Another common genetic heart condition is Long QT Syndrome. This condition is caused by a number of different genes, although it can also sometimes be developed due to side effects of medications.
Long QT Syndrome (LQTS) is a dysfunction in the amount of time the heart takes to electrically recharge after each heartbeat. It is usually something that can be managed, but, on rare occasions, LQTS can cause sudden death. This is one of the heart conditions that can be very dangerous for young people if it is acute and not treated.
Acquired Heart Conditions
While it is likely that a child with an arrhythmia problem has a genetic condition, children can also develop acquired heart conditions just like adults can.
This is becoming less likely in the developed world due to antibiotics and other medications. (However, it is worth noting that even some antibiotics can cause heart conditions in certain individuals as a side effect.) Antibiotics can be important, as children are at risk for developing heart conditions if they come down with a serious infection.

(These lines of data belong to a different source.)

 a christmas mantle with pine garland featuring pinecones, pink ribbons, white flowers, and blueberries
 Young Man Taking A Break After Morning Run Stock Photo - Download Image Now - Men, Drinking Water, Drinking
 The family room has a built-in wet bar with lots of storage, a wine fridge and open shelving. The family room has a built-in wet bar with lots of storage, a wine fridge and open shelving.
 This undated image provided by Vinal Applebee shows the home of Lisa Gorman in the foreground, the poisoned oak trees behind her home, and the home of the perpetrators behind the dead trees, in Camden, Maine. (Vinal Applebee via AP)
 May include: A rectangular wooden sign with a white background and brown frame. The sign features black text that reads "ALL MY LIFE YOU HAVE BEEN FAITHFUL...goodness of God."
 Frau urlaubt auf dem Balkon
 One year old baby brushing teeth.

One such disease is scarlet fever. It was one of the leading causes of death of children in the early part of the 20th century. Scarlet fever is caused by the same bacteria that cause strep throat. If Scarlet Fever is not treated or doesn’t respond to antibiotics, it can develop into rheumatic fever, which can damage the heart.
What are the Symptoms of Arrhythmias in Children?
Symptoms of arrhythmias in children can vary in severity. No matter how mild, however, you should consult with a pediatrician if you suspect your child has a heart condition.
Symptoms can include dizziness, fainting, shortness of breath, chest pain, or (of course) a rapid heartbeat.
Babies can also have heart conditions such as Wolff-Parkinson-White (WPW) Syndrome, which can give them an ashen color, stir up restlessness, or cause a low appetite. Quick, shallow breathing may also indicate a heart condition.
One important symptom to not overlook is a seizure. Seizures can sometimes be misdiagnosed as an indication of epilepsy, but they can also be due to a heart condition.
How are Children’s Arrhythmias Treated?
Since arrhythmias have a variety of causes, some genetic and some not, no one-size-fits all cure is available. Some children might be simply taught lifestyle strategies, while others might be put on medication. Older children can be taught vagal maneuvers, which are simple practices that slow the heart rate such as putting cold water on the face or purposefully coughing.
Talk to a Doctor if You Suspect Your Child Has Cardiac Arrhythmia
While there’s no need to panic if you suspect your child has a heart condition, you should consult with a doctor right away if your child expresses any symptoms. The good news is that even with some of the more severe cases (such as with Long QT Syndrome), doctors often have ways to prevent serious complications and death. With proper medical treatment and support, your child should live a long and healthy life.